Pour ceux qui ne connaitraient pas Raoul Ponchon, il faut rappeler qu’il fut le poète de la table et de la cave, le plus rabelaisien de nos versificateurs. C’est à lui que l’on doit cette célèbre formule :
Quand mon verre est vide, je le plains ; quand mon verre est plein, je le vide.

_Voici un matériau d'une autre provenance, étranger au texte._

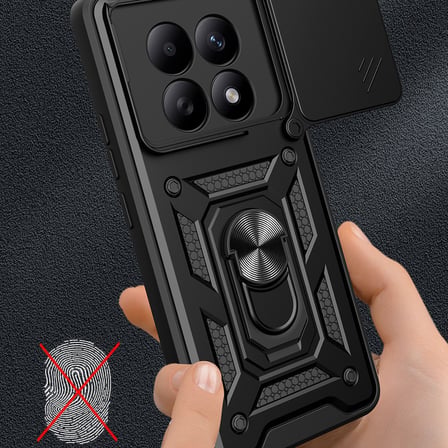 Redmi Note 15 4G Kılıf Magnetik Standlı Kamera Korumalı MKST Sürgülü Vega Kapak - Siyah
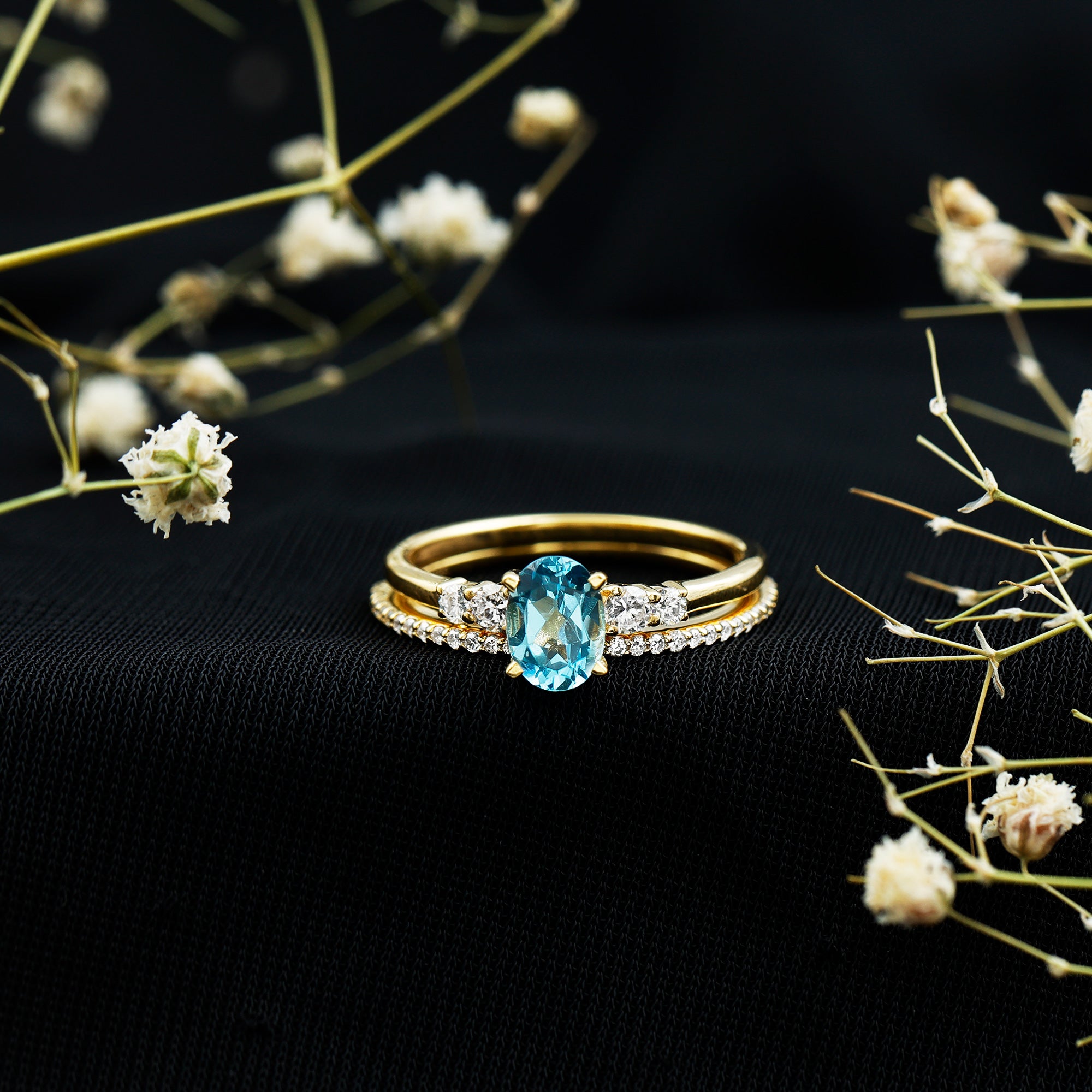 Oval Swiss Blue Topaz Diamond Wedding Ring Set in Silver AAA 14K Yellow Gold Plated Silver - Rosec Jewels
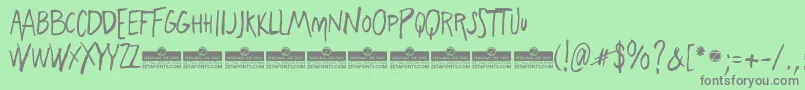 FreehandBlockletter Font – Gray Fonts on Green Background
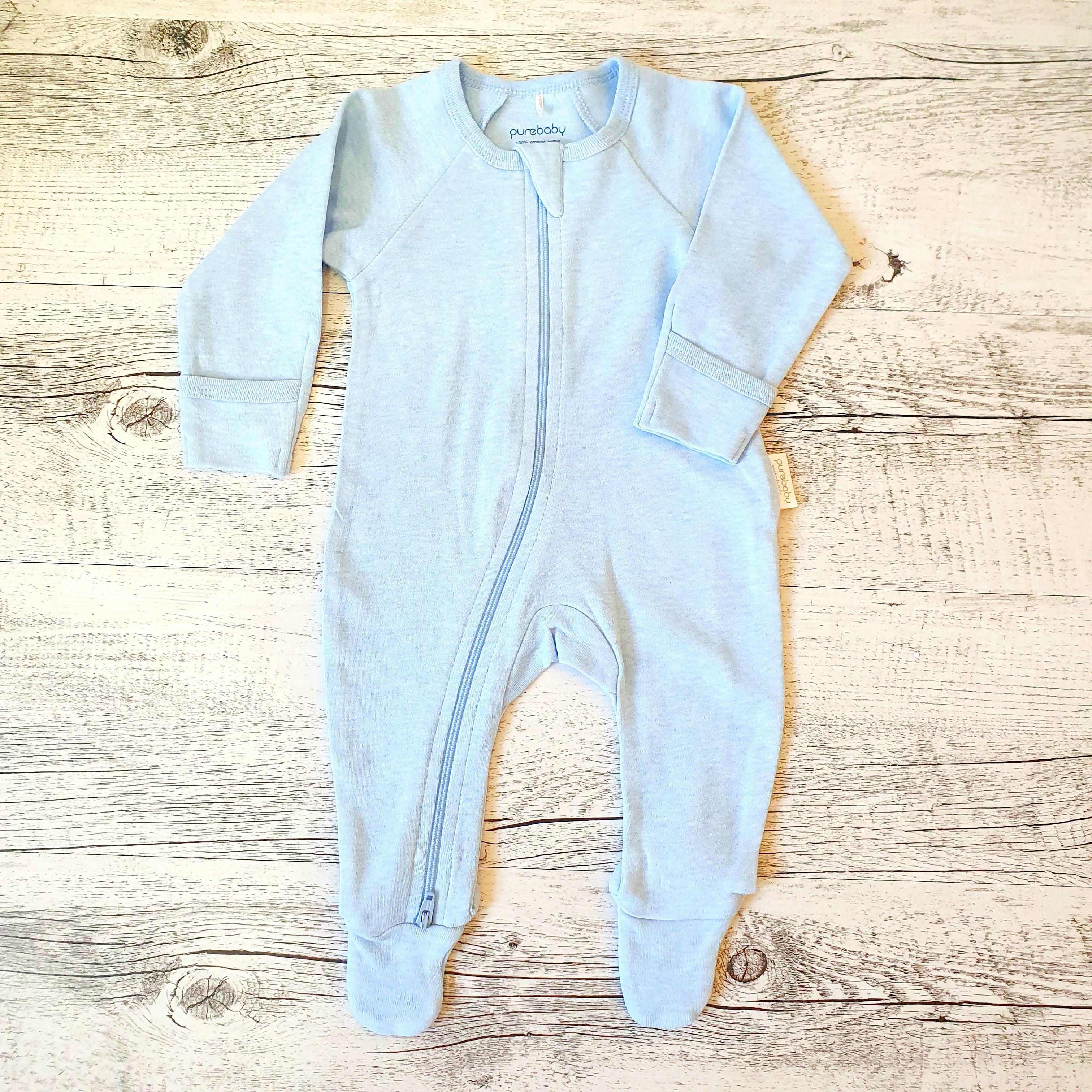 Pure Baby Organic Zip Growsuit BLUE MELANGE - Perfect Little Bundles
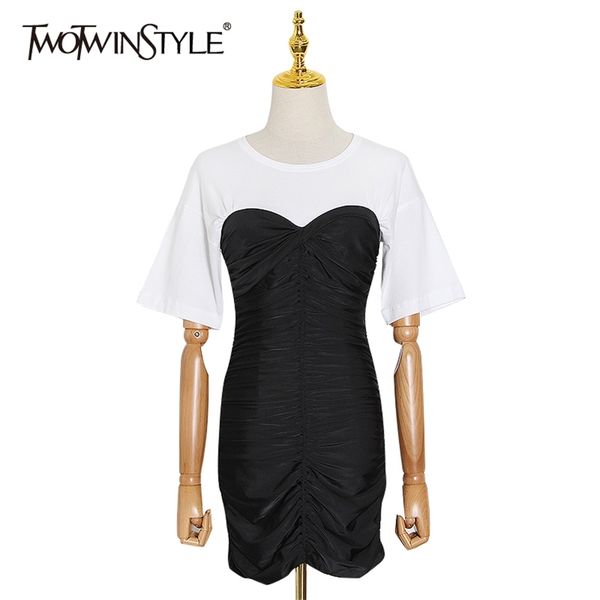 

casual patchwork summer dress women o neck short sleeve tunic ruched hit color mini dresses female 210520, Black;gray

Buveur impénitent, il était ami de Verlaine et, comme ce dernier, l’absinthe fut sa muse verte.
Alors qu’il avait 62 ans, en 1910, il fut  convié par un ami à une conférence antialcoolique. Au cours de la soirée, un médecin, pour effrayer les plus rebelles pochards, injecta un verre de cognac dans les veines d’un jeune cochon qui creva cinq minutes après l’injection.
Raoul ne se démonta pas. Se levant, il dit :
C’est bien fait ! Le cognac n’est pas pour les cochons !
En 1937, il s’éteint à l’âge fort respectable de 89 ans.

ÉLOGE DU MOT « BOIRE »

Le joli mot que voilà :
Boire ! Qu’en pensez-vous ? Boire !
Moi je suis tout prêt à croire
Qu’aucun ne vaut celui-là !

Ivrognes, ô bons apôtres,
Que je porte dans mon cœur,
N’est-ce pas qu’à la rigueur
On peut se passer des autres ?

Boire ! Eh bien ! cela dit tout ;
Que voulez-vous autre chose ?
Tel un sourire de rose,
Cela se comprend partout.

C’est le seul mot du langage
Qui, par sa fraîche couleur,
A pour moi quelque valeur
Quelque évidence en partage.

Vous avez mille façons
De le prononcer, madame,
Ce mot délicieux, âme
De nos sublimes chansons !

Dites-le, pour moi, de grâce,
Gentiment, bien comme il faut ;
Ah ! pour l’amour de ce mot,
Souffrez que je vous embrasse.

Comme délicatement
La bouche éclot pour le dire !
C’est comme un fin Vau-de-Vire
Du vieux poète normand.

C’est un os rempli de moelle,
Et quand je le dis, parbleu !
Je crois manger du ciel bleu
Ou bien croquer une étoile !

C’est une rose pompon
Qui pare la plus farouche ;
Cela vous fond dans la bouche
Comme un suave bonbon.

C’est un rubis sur la langue,
Tout imprégné de soleil :
Auprès de ce mot vermeil
Toute fleur paraît exsangue.

On dirait, sur le printemps
De votre bouche mutine,
Une abeille qui butine
Le sucre blanc de vos dents.

Qu’il sorte d’un air aimable
De vos lèvres de velours ;
Hurlez-le comme deux sourds
Chez un tavernier du diable ;

Dites-le tout haut, tout bas ;
N’importe comment, je l’aime.
Il me semble inouï même
Lorsque je ne l’entends pas.

Le soleil, en quelque sorte
Le crie à l’immensité ;
La lune l’a répété
Tant de fois qu’elle en est morte.

C’est l’unique mot des dieux,
Le mot le plus vénérable.
Je me donne bien au diable,
Si ça n’est pas le plus vieux.

C’est le verbe d’excellence
Qui doit dissiper la nuit.
C’est tout ce que dit le bruit
Et que pense le silence !

Moi, je le dis constamment ;
La musique en est si tendre,
Que je veux toujours l’entendre,
Que je le rêve en dormant.

Un enfant qui vient de naître
Le dit comme vous et moi,
Car, selon l’humaine loi,
C’est le premier à connaître,

Et c’est aussi le dernier.
Quand survient la mort farouche,
Un moribond sur sa couche,
Cherche à le balbutier.

Vous demandiez, tout à l’heure,
Si j’avais quelque façon
À moi, de le dire ? Non
Car chacune est la meilleure.

Mais, pour parler sans détour,
Si vous désirez le dire
Simplement, comme on respire,
Dites-le cent fois par jour.

Mona, il faut boire un coup pour Raoul qui disait :
J’aime tout ce qui peut se boire, hormis l’eau.
Allez, je vous propose un Léoville Las Cases 1986. Un vin extraordinaire digne d’un si grand poète. Quand Saint-Julien produit des vins comme çà, il faut se taire et déguster!